The 40-year-old man was unable to offer a chance to his child suffering from autism. His income has been seriously affected and support that should be offered to him by the state is non-existent. He plunged into a serious depression. The man’s despairing act was clearly aimed at the government headed by Prime Minister Emil Boc.

Andrian Sobaru’s colleagues have provided some insight into his desperate living conditions. His income as the father of a sick child had been cut by the Boc government from 550 lei (US$160) to 150 lei (US$45). One commented: “One of his children has autism. In recent years, he no longer received free medication for the treatment and one therapy session alone costs 200 lei (US$55). The child needed three therapy sessions per week and he earns around 1000-1200 lei (around US$350) per month. Even if he spent his entire income for the treatment, the money would cover only half of the 12 therapy sessions needed.”

The cuts introduced last year by the government affect every sphere of society and include huge reductions in public service and cuts to pensions, education and the health service.

The government has cut public service wages by 24 percent. At the same time, value added tax on basic commodities has been increased from 19 to 24 percent.

The case of Sobaru makes clear the consequences of these cuts. Romania lacks any specialised centres where children with autism can be treated. The number of specialists is limited and treatment, can exceed €1,500 per month, meaning many children are denied treatment.

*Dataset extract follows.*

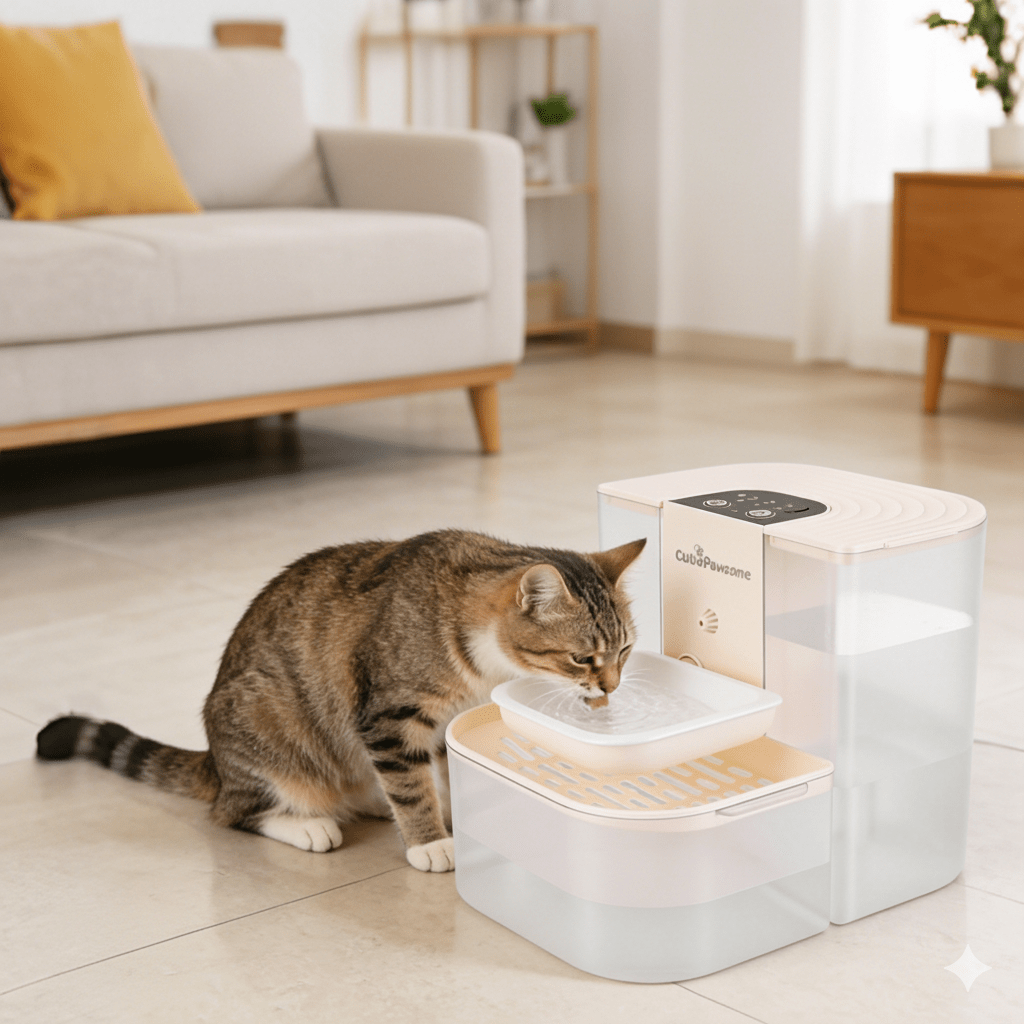 Smart Pet Water Fountain 4.5L — Cordless, Self - Refilling, Remote Control & Ceramic Bowl - PawJoyful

Speaking after the suicide attempt, Prime Minister Boc denied any responsibility for the tragedy and declared that the protest would not affect the course of his government. He stated: “We know and understand that many Romanians have a hard life … These are difficult times we have to live through ... The solution to the problems we have is not the one we have witnessed today.”

The attempted suicide in the Romanian parliament is not the only such tragedy. Recently a similar incident took place at the headquarters of the country’s national television station, TVR. On November 18, a 45-year-old electrician was found hanged in the basement. Investigators have concluded that the man chose to end his life because he had accumulated far more debt that he could pay, and he had reached the brink of despair. The dimensions of the drama were even bigger since the TVR employee has left behind two children, a wife and a mother, who was paralysed when she received news of the death of her son.

According to the statistics of the Public Health Institute, the number of suicides in Romania has almost doubled in 2010 and there is no end in sight to the austerity measures driving increasing numbers of people to desperation.

A report in the Financial Times points out that Romania is subject to more stringent austerity measures than either the ailing economies of Portugal or Greece. These cuts are affecting a population that has already suffered greatly during the last 20 years since the downfall of the Stalinist regime. The Romanian economy is expected to shrink by a further 2 percent in 2011 and analysts anticipate that the government will introduce additional austerity measures later this year. On the government agenda are more cuts to public service jobs, wage cuts and the wide-scale closure of state facilities and institutions.

GNP has shrunk in this Balkan country for the third year in row with only Latvia, Estonia and Ireland posting worse results in the European Union.